Australian Michael Hill Smith, the first non-British master of wine, gained his certification in 1988. He is a co-owner of Shaw and Smith Wines, in Adelaide Hills, Australia, which specialises in cool-climate sauvignon blanc, chardonnay, pinot noir and shiraz. When I asked if he had ever encountered his own wines in competitions where he had been a judge, he said he made a point of asking that they be excluded, to avoid any conflicts of interest.

Steven Spurrier, who is now a consultant editor at Decanter, was my first wine idol.

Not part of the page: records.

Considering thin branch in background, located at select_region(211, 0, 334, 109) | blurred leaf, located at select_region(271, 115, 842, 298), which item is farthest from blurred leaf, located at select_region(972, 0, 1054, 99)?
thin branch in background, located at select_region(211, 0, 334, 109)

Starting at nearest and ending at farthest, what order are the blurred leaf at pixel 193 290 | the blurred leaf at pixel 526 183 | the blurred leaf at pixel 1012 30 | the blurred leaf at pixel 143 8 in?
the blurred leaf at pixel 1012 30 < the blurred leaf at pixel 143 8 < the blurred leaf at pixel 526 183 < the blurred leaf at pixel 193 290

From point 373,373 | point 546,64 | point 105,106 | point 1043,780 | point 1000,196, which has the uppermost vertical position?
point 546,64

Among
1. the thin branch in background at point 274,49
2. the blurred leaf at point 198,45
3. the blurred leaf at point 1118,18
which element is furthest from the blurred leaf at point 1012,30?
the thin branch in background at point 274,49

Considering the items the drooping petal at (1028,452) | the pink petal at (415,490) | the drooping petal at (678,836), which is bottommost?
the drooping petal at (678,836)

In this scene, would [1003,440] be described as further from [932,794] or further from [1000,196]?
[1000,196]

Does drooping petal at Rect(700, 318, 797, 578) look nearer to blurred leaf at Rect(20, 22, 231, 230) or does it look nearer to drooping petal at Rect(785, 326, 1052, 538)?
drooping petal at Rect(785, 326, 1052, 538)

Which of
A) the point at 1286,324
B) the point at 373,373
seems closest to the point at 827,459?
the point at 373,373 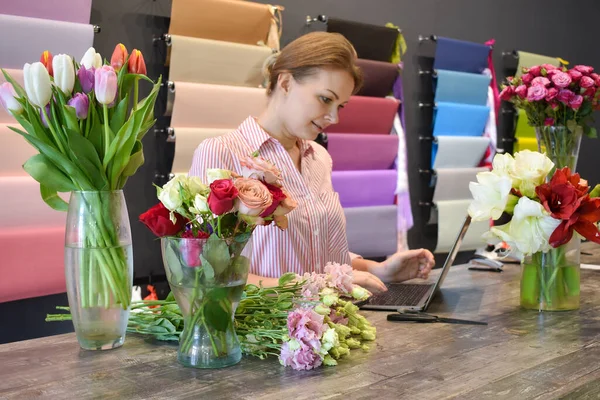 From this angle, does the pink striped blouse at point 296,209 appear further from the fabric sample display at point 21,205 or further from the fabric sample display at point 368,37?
the fabric sample display at point 368,37

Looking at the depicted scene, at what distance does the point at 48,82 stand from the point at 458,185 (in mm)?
3521

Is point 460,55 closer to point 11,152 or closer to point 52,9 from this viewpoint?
point 52,9

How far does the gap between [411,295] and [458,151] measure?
2.67 meters

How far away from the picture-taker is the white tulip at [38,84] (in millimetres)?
1225

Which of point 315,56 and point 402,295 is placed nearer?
point 402,295

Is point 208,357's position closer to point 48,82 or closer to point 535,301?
point 48,82

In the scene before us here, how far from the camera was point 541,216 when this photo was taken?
5.46 feet

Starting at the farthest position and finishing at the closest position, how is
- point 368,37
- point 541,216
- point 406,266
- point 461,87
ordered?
point 461,87, point 368,37, point 406,266, point 541,216

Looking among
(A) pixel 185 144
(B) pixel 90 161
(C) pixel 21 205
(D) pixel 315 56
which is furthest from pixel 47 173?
(A) pixel 185 144

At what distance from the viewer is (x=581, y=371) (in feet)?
4.15

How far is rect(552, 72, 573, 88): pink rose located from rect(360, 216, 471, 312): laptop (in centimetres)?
104

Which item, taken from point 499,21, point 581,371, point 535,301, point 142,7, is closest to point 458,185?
point 499,21

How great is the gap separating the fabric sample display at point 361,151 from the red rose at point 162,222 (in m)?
2.49

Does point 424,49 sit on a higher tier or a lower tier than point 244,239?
higher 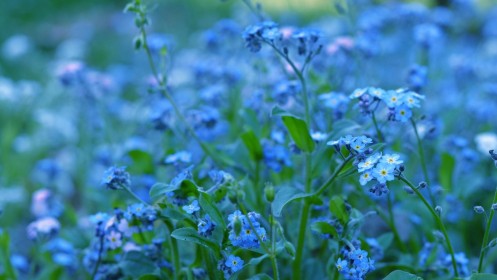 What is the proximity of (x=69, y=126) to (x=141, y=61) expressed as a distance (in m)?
2.21

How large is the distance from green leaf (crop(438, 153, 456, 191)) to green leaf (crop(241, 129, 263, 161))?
92 cm

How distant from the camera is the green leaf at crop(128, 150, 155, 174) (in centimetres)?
340

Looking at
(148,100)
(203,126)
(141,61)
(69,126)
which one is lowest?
(203,126)

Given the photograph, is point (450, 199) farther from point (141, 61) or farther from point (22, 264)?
point (141, 61)

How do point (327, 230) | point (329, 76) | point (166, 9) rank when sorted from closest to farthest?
1. point (327, 230)
2. point (329, 76)
3. point (166, 9)

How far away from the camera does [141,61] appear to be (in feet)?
24.5

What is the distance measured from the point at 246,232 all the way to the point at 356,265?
0.39m

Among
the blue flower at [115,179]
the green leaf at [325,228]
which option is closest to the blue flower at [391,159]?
the green leaf at [325,228]

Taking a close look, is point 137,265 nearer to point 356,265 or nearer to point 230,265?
point 230,265

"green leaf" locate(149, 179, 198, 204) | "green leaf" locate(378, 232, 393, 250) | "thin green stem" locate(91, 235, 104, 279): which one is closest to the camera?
"green leaf" locate(149, 179, 198, 204)

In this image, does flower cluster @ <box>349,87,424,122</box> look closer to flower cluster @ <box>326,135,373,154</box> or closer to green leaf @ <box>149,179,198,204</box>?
flower cluster @ <box>326,135,373,154</box>

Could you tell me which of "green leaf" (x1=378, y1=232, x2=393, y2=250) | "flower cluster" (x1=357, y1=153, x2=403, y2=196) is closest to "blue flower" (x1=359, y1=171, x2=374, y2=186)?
"flower cluster" (x1=357, y1=153, x2=403, y2=196)

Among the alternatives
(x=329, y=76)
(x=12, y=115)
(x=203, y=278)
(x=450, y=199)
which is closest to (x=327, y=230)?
(x=203, y=278)

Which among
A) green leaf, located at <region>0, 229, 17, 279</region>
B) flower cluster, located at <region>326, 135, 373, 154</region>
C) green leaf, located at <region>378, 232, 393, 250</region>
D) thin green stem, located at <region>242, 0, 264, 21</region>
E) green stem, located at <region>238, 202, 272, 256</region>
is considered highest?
thin green stem, located at <region>242, 0, 264, 21</region> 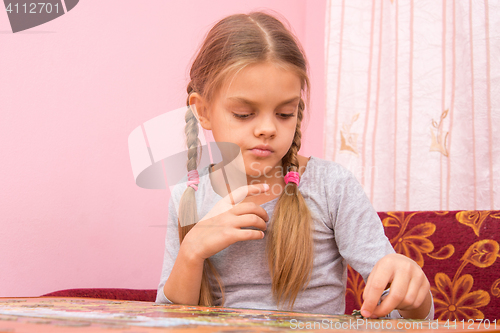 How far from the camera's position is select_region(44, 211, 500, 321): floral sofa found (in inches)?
30.9

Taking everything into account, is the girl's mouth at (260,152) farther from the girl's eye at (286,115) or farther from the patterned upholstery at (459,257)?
the patterned upholstery at (459,257)

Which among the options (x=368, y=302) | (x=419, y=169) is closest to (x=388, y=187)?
(x=419, y=169)

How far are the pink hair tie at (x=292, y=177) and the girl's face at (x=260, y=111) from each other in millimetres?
50

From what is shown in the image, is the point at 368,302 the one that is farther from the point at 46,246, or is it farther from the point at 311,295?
the point at 46,246

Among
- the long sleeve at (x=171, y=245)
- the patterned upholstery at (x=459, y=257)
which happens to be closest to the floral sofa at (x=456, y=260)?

I studied at his Academie du Vin, in Paris, France, when I caught the wine bug, and have read avidly about his "Judgment of Paris" tastings (in 1976, 1986 and 2006), in which the best wines of California and Bordeaux were pitted against each other. He observed that after California won the first two rounds, the 2006 taste-off showed that the Bordelaise were no longer resting on their laurels and had taken the initiative to improve their wines.

Over the two days of the awards, I found myself in awe of the judge's passion and professionalism.

The judging teams were divided by region, with each head judge overseeing two to three teams. Wines were then judged under the following criteria: region, vintage range and grape. The judges were warned there would be no lunch breaks until they had tasted at least 40 wines.

Hats off, too, to the logistics team for keeping more than 2,000 entries (and for each entry, there were four bottles) from getting mixed up. Wines submitted were collated from all around the world, wrapped (these are blind tastings) and tagged with the tasting code, their foil capsule removed and stelvin (aluminium screw cap) covered, with every submission painstakingly double- and triple-checked along the way.

It was a wonderful and humbling experience to be part of the judging process - wonderful, because all my wine heroes were so generous in sharing their knowledge and passion, and humbling because they showed me that there is so much more to learn about wine.


Nellie Ming Lee is a freelance food stylist and part-time sommelier, and is studying with the Court of Master Sommeliers.